Heureusement que c'est Ewan McGregor qui le joue...
Qu'est-ce qu'il est con Lucas de pas avoir fait d'Anakin un personnage du même âge qu'Obiwan...
C'est tellement mal branlé que l'histoire d'Anakin est reprise, en mieux (même si toujours pas parfait), dans le Legend à travers l'histoire de Jacen Solo, le fils de Leia et Han, qui sombre du côté obscur par idéalisme et en étant persuadé de prendre des décisions difficiles pour le bien commun (alors qu'en vrai il se comporte comme un dictateur).

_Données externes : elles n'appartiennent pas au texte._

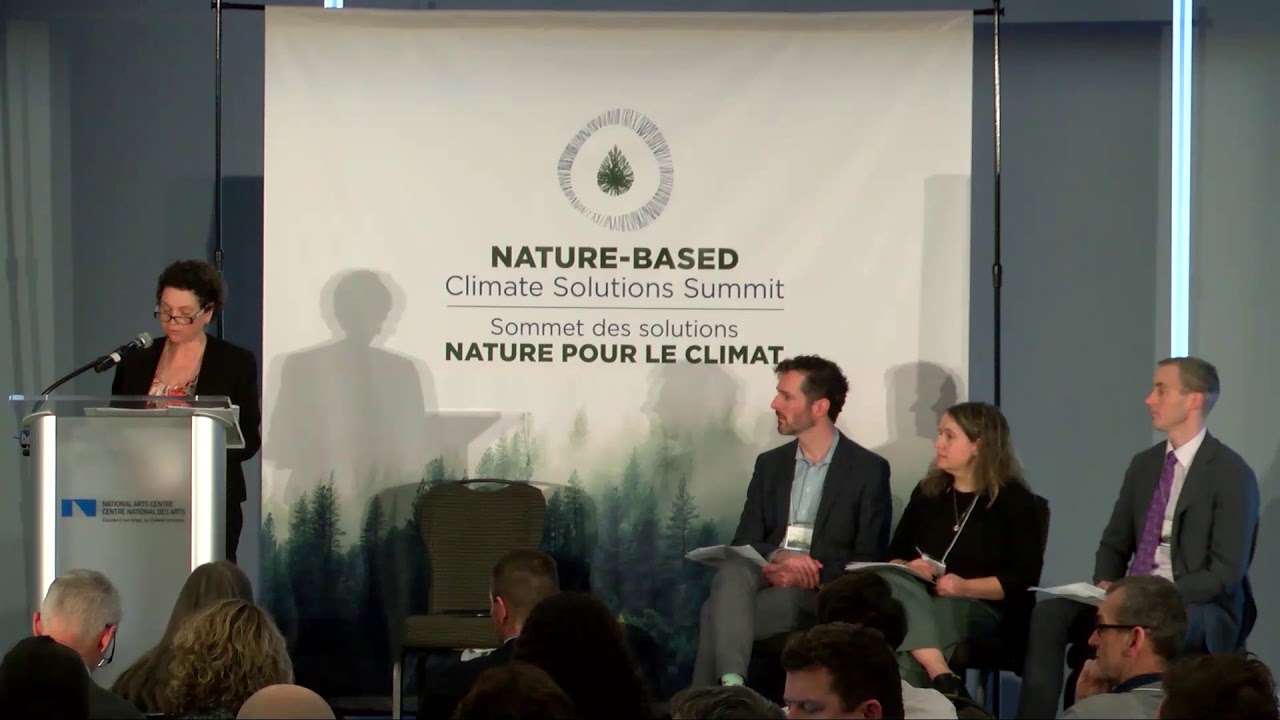 Day 1 - Nature-based climate solutions: Designing for success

C'est pour ça que je pense que ça aurait été mieux de faire d'Anakin un leader gauchiste sur Tatooine, un jeune adulte de 18 ans dans l'épisode I qui se révolte contre la condition des esclaves, qui est à la tête d'un mouvement d'insurrection (ce qui en plus justifierait qu'il doive partir). Un gars dont la trajectoire politique irait de l'extrême gauche à l'extrême droite (comme beaucoup de syndicalistes depuis 20 ans). Un gars de l'âge d'Obiwan, lequel incarnerait alors le confort bourgeois et qui donc pourrait avoir dès le début une relation compliquée, à la fois fraternelle et amicale (plutôt que le rôle de père de substitution qu'il a, et qui ne va pas du tout), mais aussi teintée de ressentiment social, en plus de leur niveau hiérarchique différent (en fait, je suis même pas sûr que dans la trilogie originelle Obiwan soit décrit comme le maître d'Anakin). Sa mère aurait pu mourir en tant qu'esclave de la main d'un maître, ça aurait eu beaucoup plus de sens alors de voir Anakin péter un câble sur les esclavagistes plutôt que sur les Tuskens pour lesquels il n'est pas sensé avoir une haine particulière.
C'est quelques idées lancées comme ça, mais je suis sûr qu'il y avait moyen de faire un truc beaucoup plus cohérent pour le personnage, tout en le replaçant dans le propos politique de la prélogie.
C'est un θ, il croyait qu'il était τ, mais en fait il est θ.